● Task directions
Nothing beyond the line containing "an open drawer" is to be printed; print exactly each line from the start of the records below through that line, leaving out pictures.

++++++++

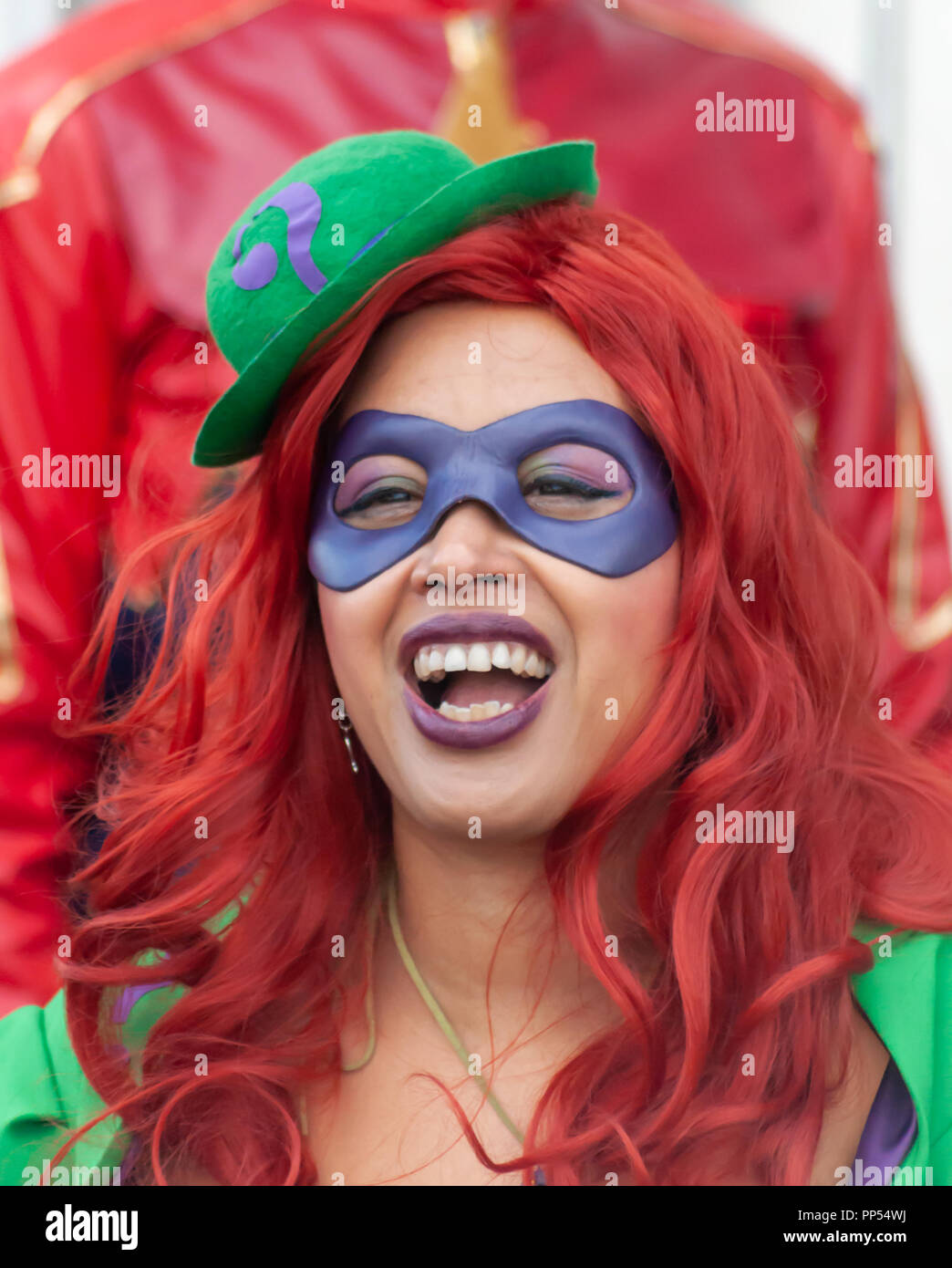 Glasgow, Scotland, UK. 23rd September, 2018. A female cosplayer dressed as  the fictional supervillain The Riddler from the comic books published by DC  Comics, arriving on day two of the MCM Scotland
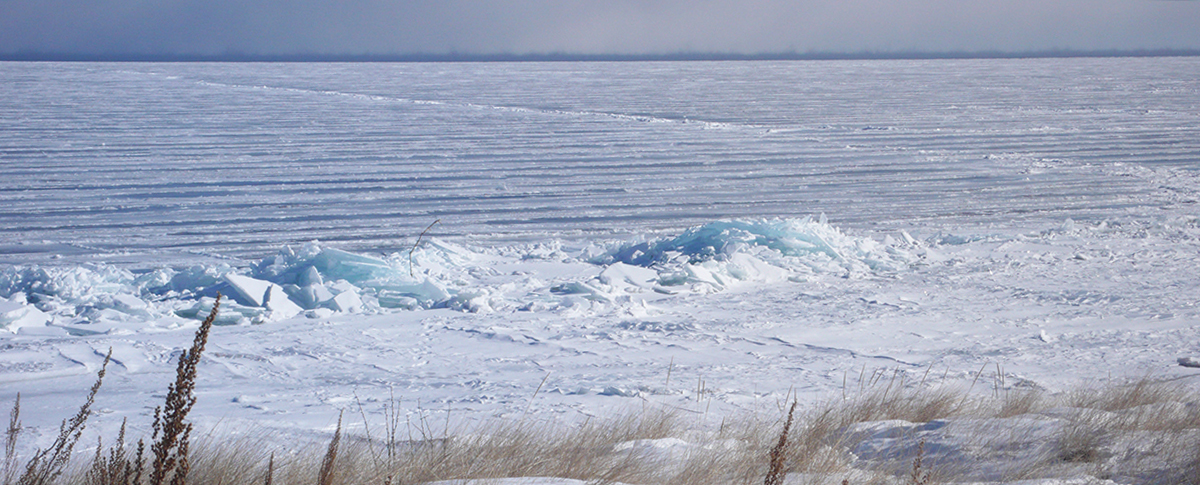 Lake Superior covered with fast ice and a single crack in the ice that extends from shore outward.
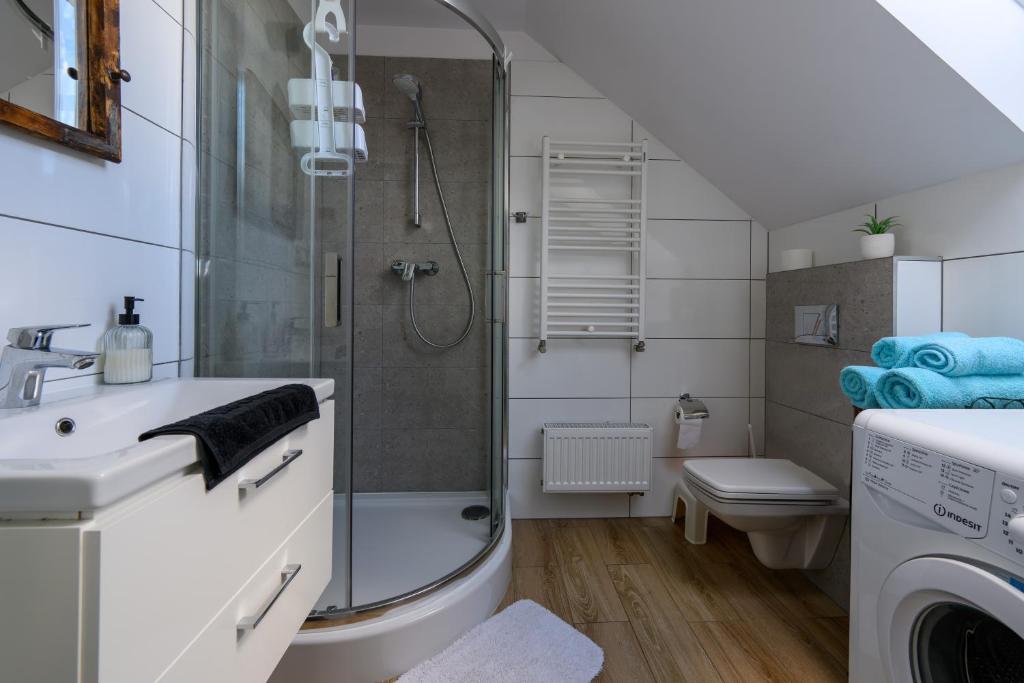 Koupelna v ubytování Apartamenty na Piątkę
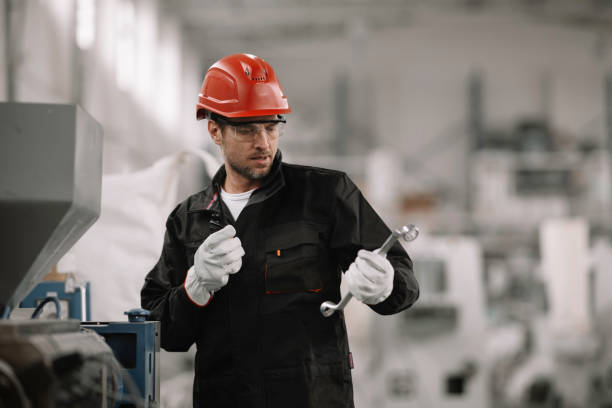 istock Handsome man working in factory. 1222157174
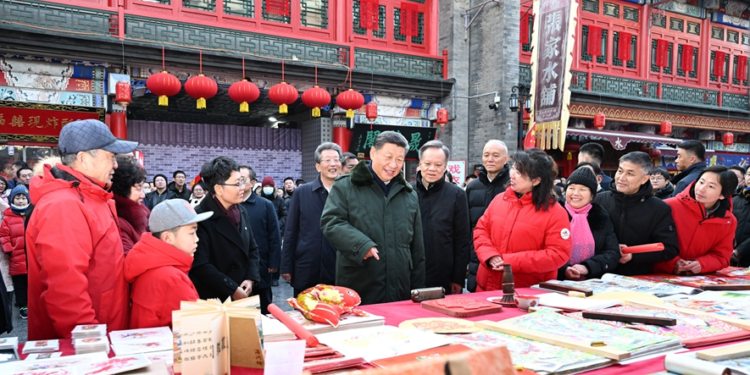 Chinese President Xi Jinping, also general secretary of the Communist Party of China Central Committee, visits people in the northern city of Tianjin ahead of the Spring Festival, February 1, 2024. /Xinhua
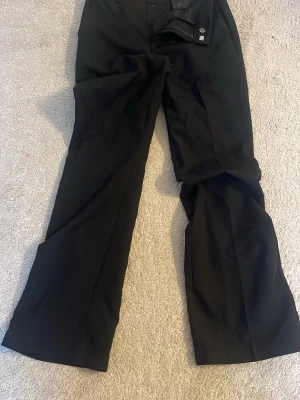 Svarta kostymbyxor från BikBok - Säljer ett par svarta kostymbyxor från BikBok i storlek 34. Byxorna har bootcut ben, diskret dragkedja och knapp framtill. Materialet är mjukt och har en lätt stretch för extra komfort. Perfekta för en clean och stilren look.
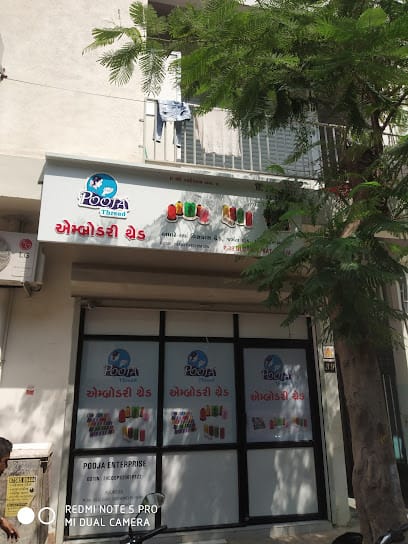 Pooja Embroidery Thread business photograph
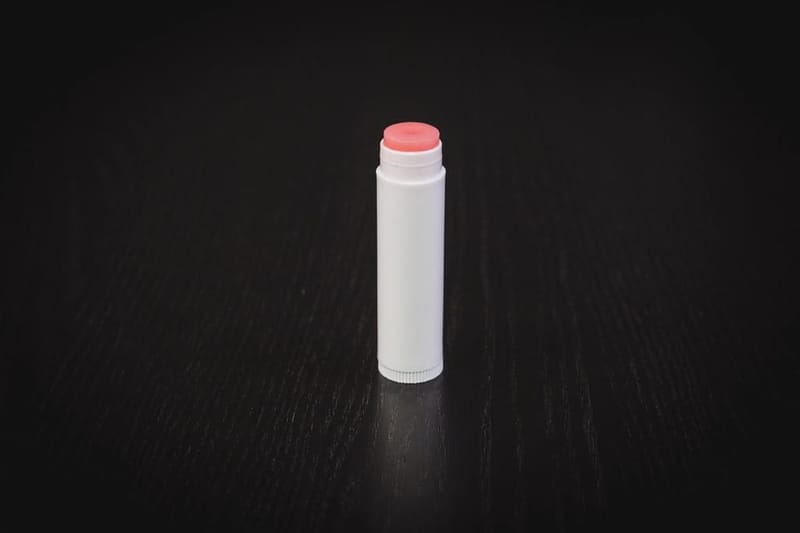 Lip balm stick on dark wood
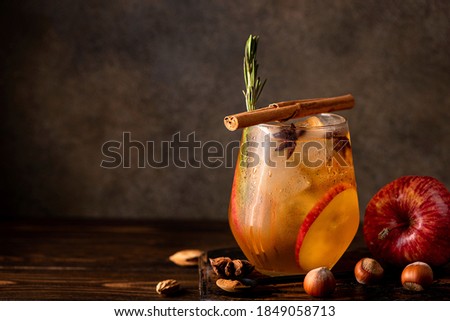 homemade apple cider with apple pieces, cinnamon and spices in a glass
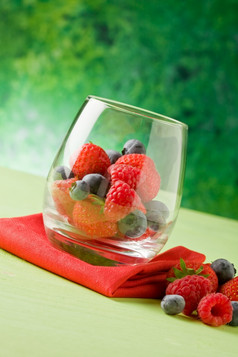 照片美味的浆果内部水晶玻璃前面绿色背景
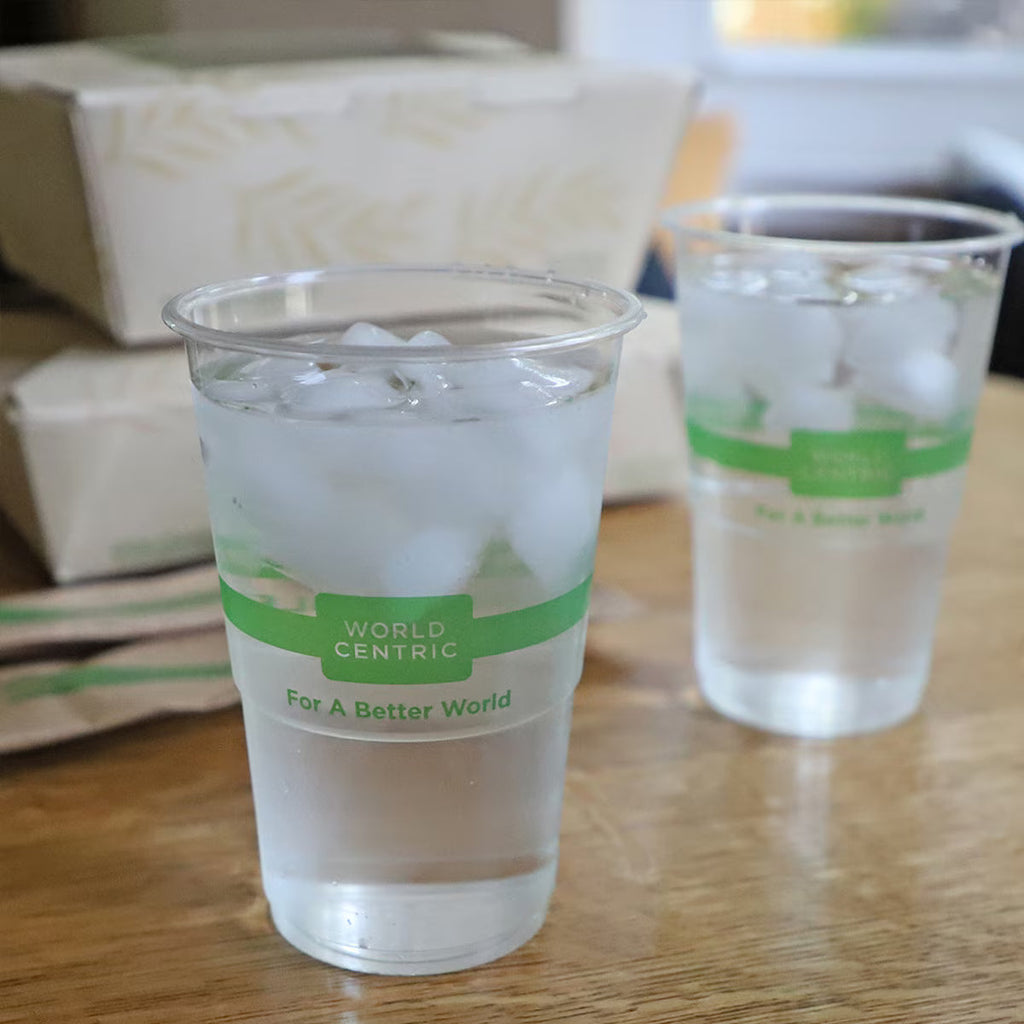 Two clear compostable plastic cups with green labels on a wooden surface.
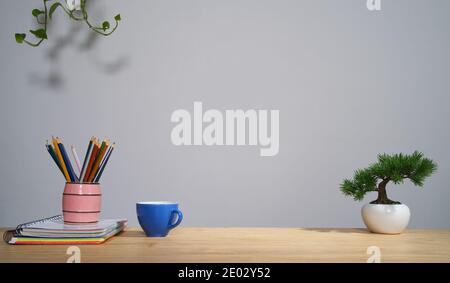 Blue ceramic mug, pencil holder, colored pencils, notebooks and a pot of small pine tree on table. Home work desktop design composition. Stock Photo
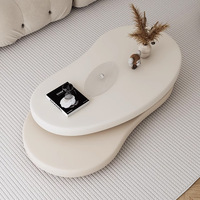 Table basse ovale en bois minimaliste moderne avec plateau rotatif, bords arrondis, structure en acier inoxydable, plateau de type panneau, meuble robuste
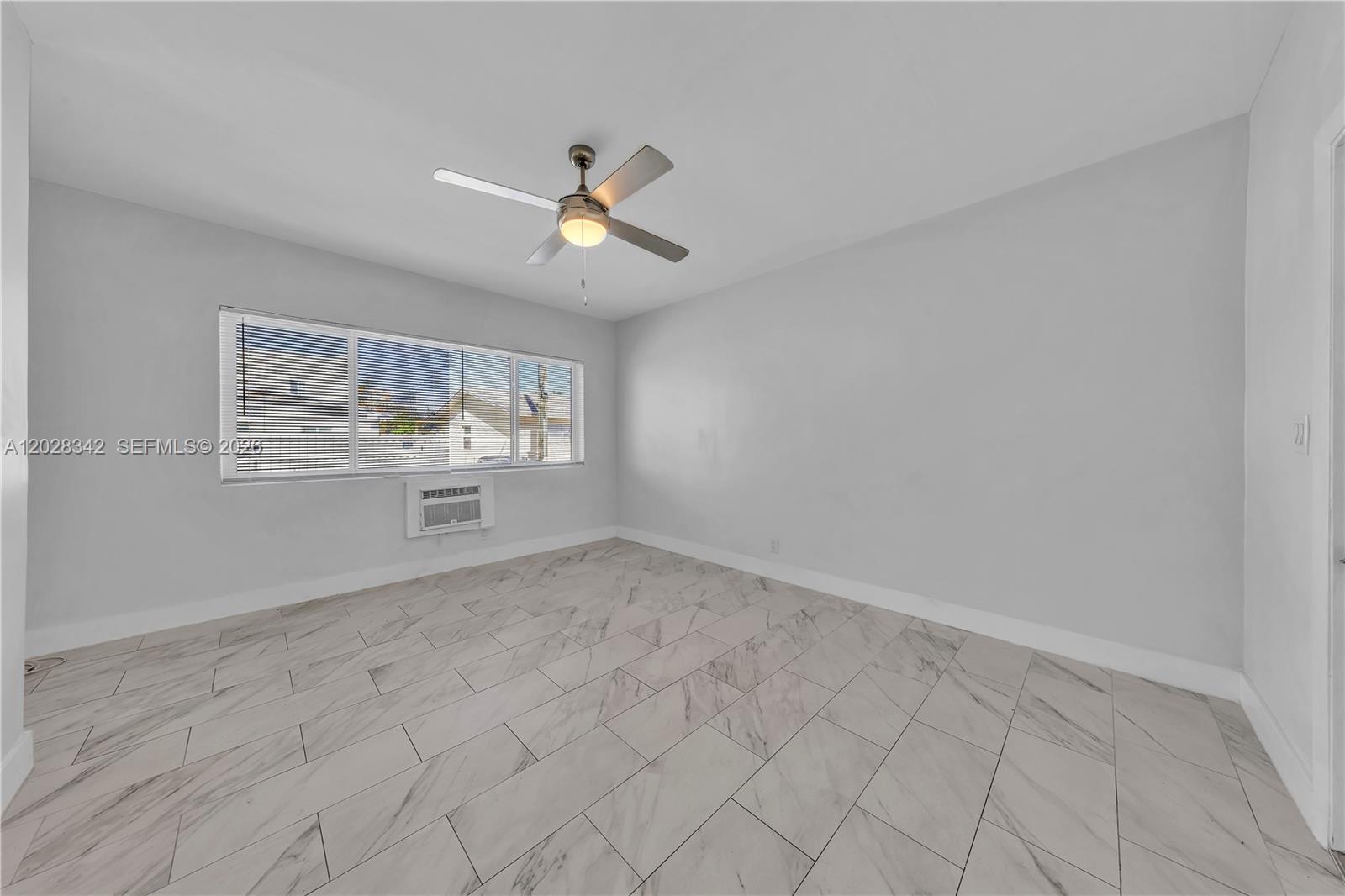 An empty bedroom features light gray walls, white tile flooring, and a ceiling fan — 1839 Funston St # 4, Hollywood FL 33020, HOLLYWOOD, FL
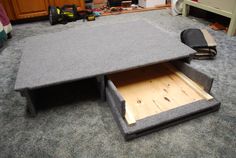 an open drawer on the floor in a room with carpeted floors and cabinets around it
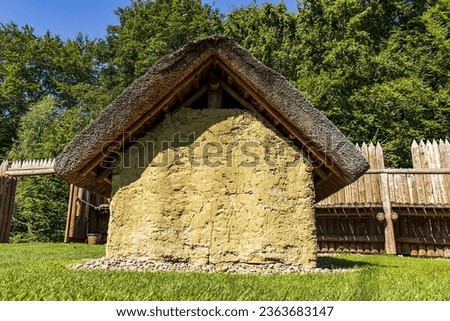 Abstract photo of an ancient hut. Ancient mud house. Exhibition of period housing.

++++++++

● Problem solution
 Glasgow, Scotland, UK. 23rd September, 2018. A female cosplayer dressed as  the fictional supervillain The Riddler from the comic books published by DC  Comics, arriving on day two of the MCM Scotland
 Lake Superior covered with fast ice and a single crack in the ice that extends from shore outward.
 Koupelna v ubytování Apartamenty na Piątkę
 istock Handsome man working in factory. 1222157174
 Chinese President Xi Jinping, also general secretary of the Communist Party of China Central Committee, visits people in the northern city of Tianjin ahead of the Spring Festival, February 1, 2024. /Xinhua
 Svarta kostymbyxor från BikBok - Säljer ett par svarta kostymbyxor från BikBok i storlek 34. Byxorna har bootcut ben, diskret dragkedja och knapp framtill. Materialet är mjukt och har en lätt stretch för extra komfort. Perfekta för en clean och stilren look.
 Pooja Embroidery Thread business photograph
 Lip balm stick on dark wood
 homemade apple cider with apple pieces, cinnamon and spices in a glass
 照片美味的浆果内部水晶玻璃前面绿色背景
 Two clear compostable plastic cups with green labels on a wooden surface.
 Blue ceramic mug, pencil holder, colored pencils, notebooks and a pot of small pine tree on table. Home work desktop design composition. Stock Photo
 Table basse ovale en bois minimaliste moderne avec plateau rotatif, bords arrondis, structure en acier inoxydable, plateau de type panneau, meuble robuste
 An empty bedroom features light gray walls, white tile flooring, and a ceiling fan — 1839 Funston St # 4, Hollywood FL 33020, HOLLYWOOD, FL
 an open drawer on the floor in a room with carpeted floors and cabinets around it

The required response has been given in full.